§ **Supplied data**
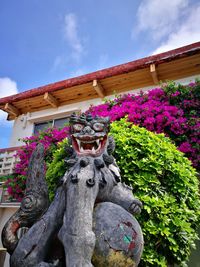 Low angle view of statues against sky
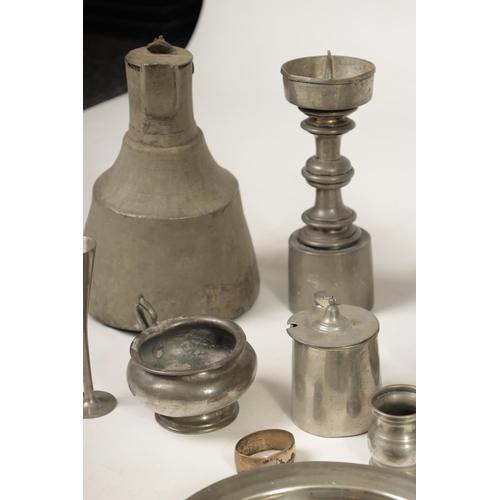 427 - A COLLECTION OF 18TH/19TH CENTURY PEWTER ITEMS including ale jugs, plate warmers, tankards and prick... 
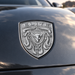 A close-up of a metallic silver shield emblem on the front hood of a dark gray vehicle. The emblem features the word 'ELITE' at the top, a central bull head, and crumrine designs.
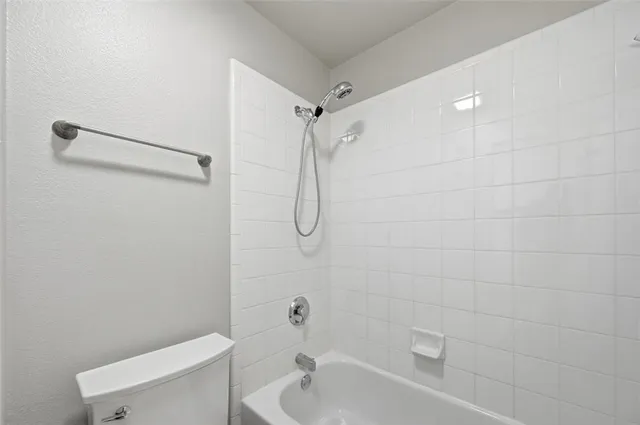 a bathroom with a toilet and shower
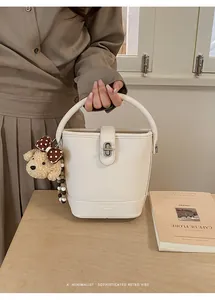 Detail of white lychee leather bucket bag with silver lock and teddy bear charm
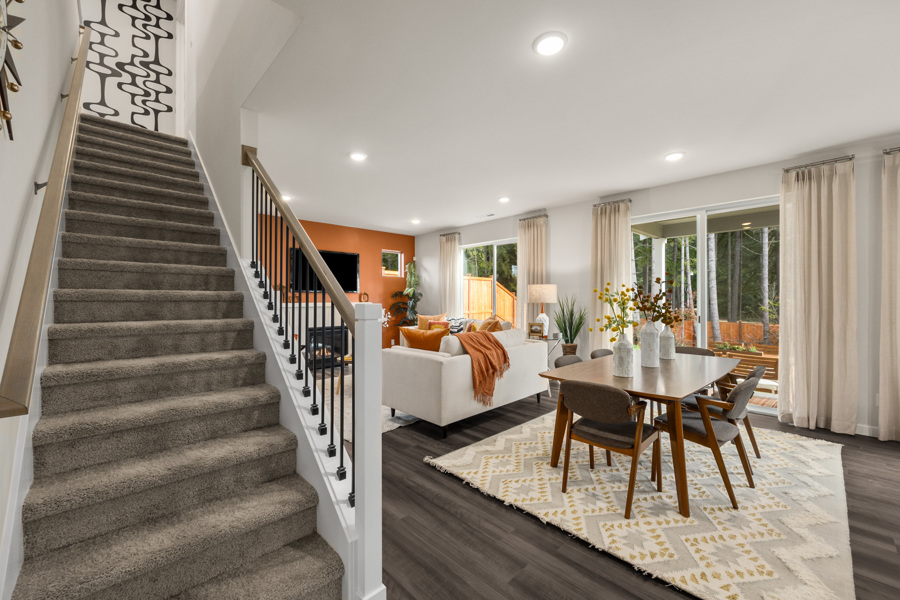 A large living room with a staircase.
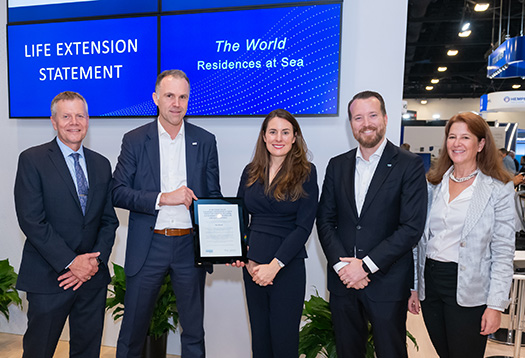 Representatives from the world accepting a certificate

§ **Exercise details**
Give back the entries verbatim. Do not include any picture.

§ **Response for this exercise**
 Low angle view of statues against sky
 427 - A COLLECTION OF 18TH/19TH CENTURY PEWTER ITEMS including ale jugs, plate warmers, tankards and prick... 
 A close-up of a metallic silver shield emblem on the front hood of a dark gray vehicle. The emblem features the word 'ELITE' at the top, a central bull head, and crumrine designs.
 a bathroom with a toilet and shower
 Detail of white lychee leather bucket bag with silver lock and teddy bear charm
 A large living room with a staircase.
 Representatives from the world accepting a certificate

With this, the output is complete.